Le 06/04/2017 à 13:10, Nathanael Schweers a écrit :
Rick Thomas <rbthomas@pobox.com> writes:

You need an un-encrypted /boot partition to hold the kernel and
initrd, of course…

This is not true, although I also thought it to be the case.

Grub2 can handle LUKS, so it is possible to encrypt the whole disk.

Actually not the whole disk (except if you are going to install GRUB's boot/core images on another device, but the full /boot, including /boot/grub, can be encrypted.

However my opinion is that encrypting /boot provides little benefit in general. Here is why.

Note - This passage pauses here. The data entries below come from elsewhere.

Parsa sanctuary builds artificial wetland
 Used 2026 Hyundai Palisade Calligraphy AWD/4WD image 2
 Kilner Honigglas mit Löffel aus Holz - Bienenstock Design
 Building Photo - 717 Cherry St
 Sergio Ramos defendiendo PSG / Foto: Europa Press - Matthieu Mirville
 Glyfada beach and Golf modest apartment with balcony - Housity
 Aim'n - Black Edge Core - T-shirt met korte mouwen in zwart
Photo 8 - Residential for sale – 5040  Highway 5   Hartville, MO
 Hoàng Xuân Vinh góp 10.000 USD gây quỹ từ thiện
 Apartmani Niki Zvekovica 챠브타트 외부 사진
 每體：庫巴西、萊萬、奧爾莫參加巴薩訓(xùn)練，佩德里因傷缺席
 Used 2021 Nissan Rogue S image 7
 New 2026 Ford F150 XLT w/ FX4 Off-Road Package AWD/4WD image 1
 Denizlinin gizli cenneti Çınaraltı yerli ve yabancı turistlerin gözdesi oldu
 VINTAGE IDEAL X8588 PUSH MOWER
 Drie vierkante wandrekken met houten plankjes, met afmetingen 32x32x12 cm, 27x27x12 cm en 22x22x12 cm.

Encryption provides two main benefits : confidentiality and tamper-proof. There is nothing confidential in /boot, but if tamper-proof matters to you then all the boot components, including GRUB's boot/core images, which cannot be encrypted, must be tamper-proof too. This can be achieved by installing them on a write-only device, or on a removable device used only for booting, or using some "trusted computing" framework (UEFI secure boot, TPM module...).

I recently stumbled across a post where the procedure is explained using
archlinux as an example.  I’m not sure whether debian includes a version
of Grub which can also do so, but in principle an unencrypted /boot
partition is not needed.

The version of GRUB included in Jessie at least can handle an encrypted /boot. However the Debian installer does not handle this case correctly. You must add the following line in /etc/default/grub in order for grub-install to install the core image with crypto modules and for update-grub to generate a proper grub.cfg :

GRUB_ENABLE_CRYPTODISK=y

(not =1 or =true as seen on some documentation)

The procedure in the post you point to is flawed in Debian Jessie : if you run update-grub or grub-mkconfig before adding the line in /etc/default/grub, it won't add the required "cryptomount" commands to open encrypted devices. Actually it is grub-mkconfig which is broken : if the line is present, it adds an cryptomount command in every menu entry, even when not needed (and generates boot-time errors). If the line is missing, it adds insmod commands to load crypto modules when needed but not the cryptomount commands.